Yorkton – Garry Breitkreuz, Official Opposition Critic for Firearms and Property Rights, blew the lid off the Justice Minister’s worst kept secret.  The Liberal’s billion-dollar baby can’t tell police where the guns are!

On June 3, 1998, The Canadian Police Association wrote to Justice Minister Anne McLellan stating: “It was particularly gratifying to note that the system will have the capacity to provide firearm registration information to dispatched patrol officers referenced by both name and address.”  Breitkreuz commented, “The sad fact is that the police on the street were sold a bill of goods.  Even sadder is that taxpayers are paying the bill; and sadder yet, the bill is quickly approaching one billion dollars.”
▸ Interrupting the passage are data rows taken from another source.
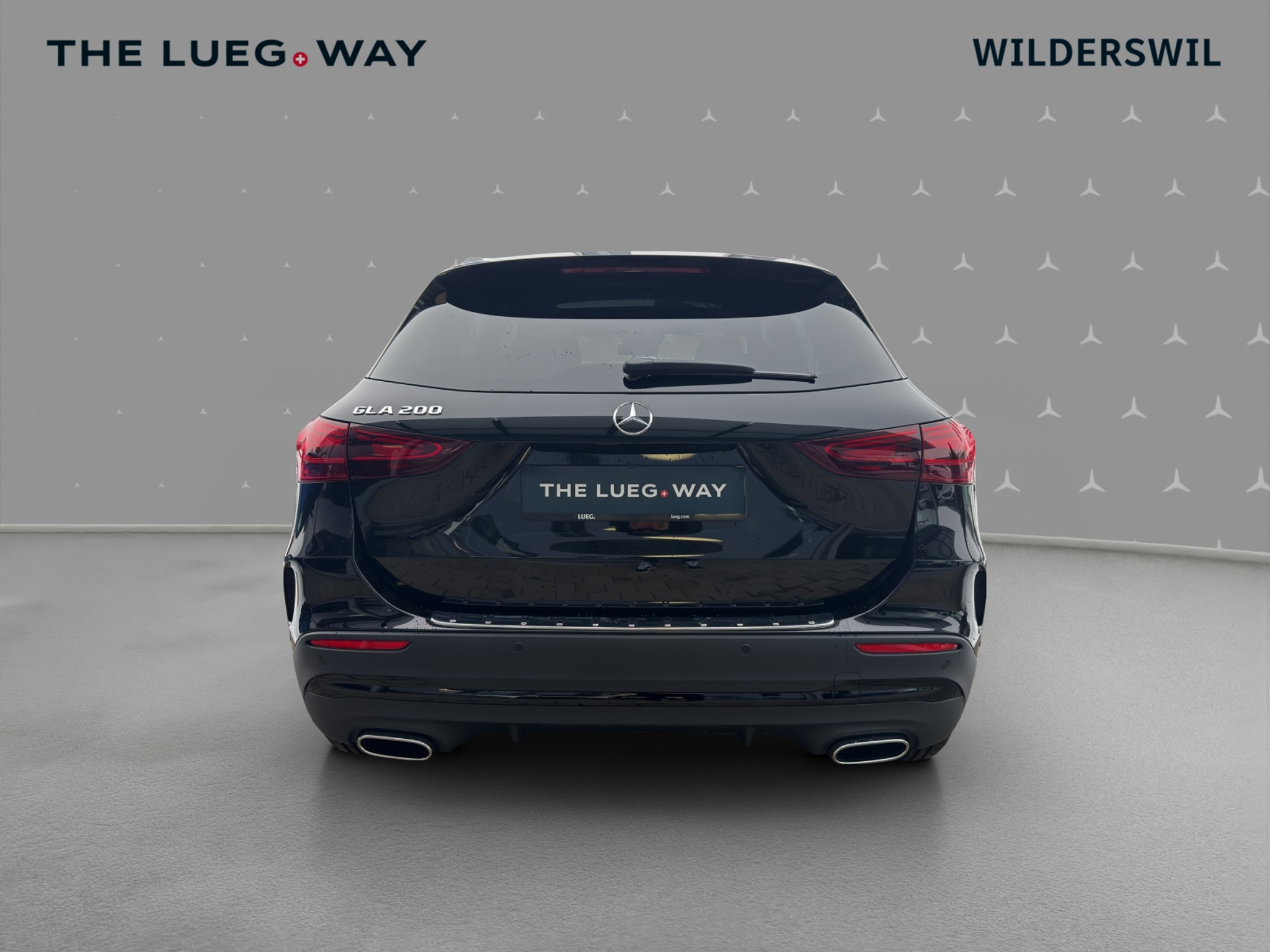 listing desktop thumbnail image 3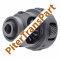 Дифференциал 6T30e (D144716B/TYPE2)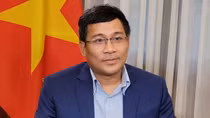 Positive prospects for Vietnam to secure vaccine sources from now until year end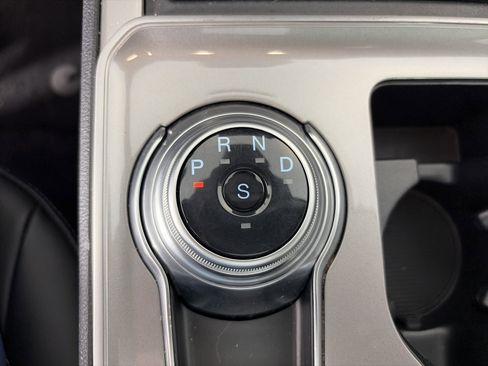 Used 2024 Ford Edge SEL w/ Convenience Package AWD/4WD image 34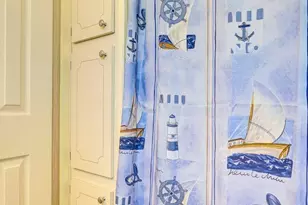 4146 S Shady Ln, Boynton Beach, FL 33436 - Photo 36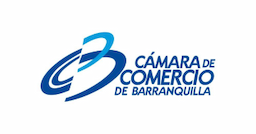 Cámara de Comercio de Barranquilla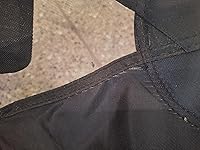 Review Image by srs8798 srs8798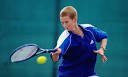 LTA urged to build on Andy Murray's success at Wimbledon | Sport ...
A letter from the Canadian Association of Chiefs of Police published in the Toronto Star on July 26, 1999, stated: “Finally, licencing and registration combined will help curb the illegal gun trade by allowing us to trace guns to their original owners and enforce the requirement that guns only be sold to licenced individuals.”  Breitkreuz asked, “After the rash of criminal shootings in Toronto this year, I wonder if Chief Julian Fantino still supports his association’s statement?”

The evidence amassed is so bad that the Justice Department’s own website is no longer true.  A document titled, “Firearms Registration – A Valuable Tool for Police”, states: “With registration, the police will know how many guns are in the residence.”  Breitkreuz exclaimed, “FALSE!”

Today, Breitkreuz summarized documents he has obtained using the Access to Information Act showing why police can’t rely on the billion-dollar gun registry to do anything the Liberals promised:

  1.  Police will not know where the guns are because the government does not require the 131,000 most dangerous persons who are already prohibited from owning firearms to report their change of address to police.

  2. Police will not know where the guns are because there is no legal requirement for gun owners to store their registered firearms at their home addresses or tell the government where they are stored.

  3. Police will not know where the guns are because the government does not keep track of registered firearms that are loaned between licenced firearms owners.

  4. Police will not know where the guns are because between half-a-million and 1.3 million gun owners failed or refused to obtain a firearms licence and can’t register their guns without one.

  5. Police will not know where the guns are because the government has lost track of at least 300,000 guns in the old handgun registration system.

  6. Police will not know where the guns are because the government still has to register between 3.4 and 12 million guns before the government-imposed registration deadline at the end of this year.

  7. Even if police do find the guns, there are so few identifying characteristics on the registration certificates that it is impossible to verify that it is the firearm registered in the system.  For example, 4.5 million registration certificates have been issued without the owner’s name.  There are 3.2 million blank and unknown entries on gun registration certificates that have already been issued - more than three-quarters of a million don’t have serial numbers.

"The front line police officers in Canada know that the gun registry is nothing more than a billion-dollar bust and it is time for the executive of the CPA and the Chiefs of Police to represent their members and call on the Federal government to end the registry,” said Breitkreuz.  “There are lots of things police could do with a billion dollars to control the criminal use of firearms, but registering millions and millions of duck and deer guns surely isn’t one of them.”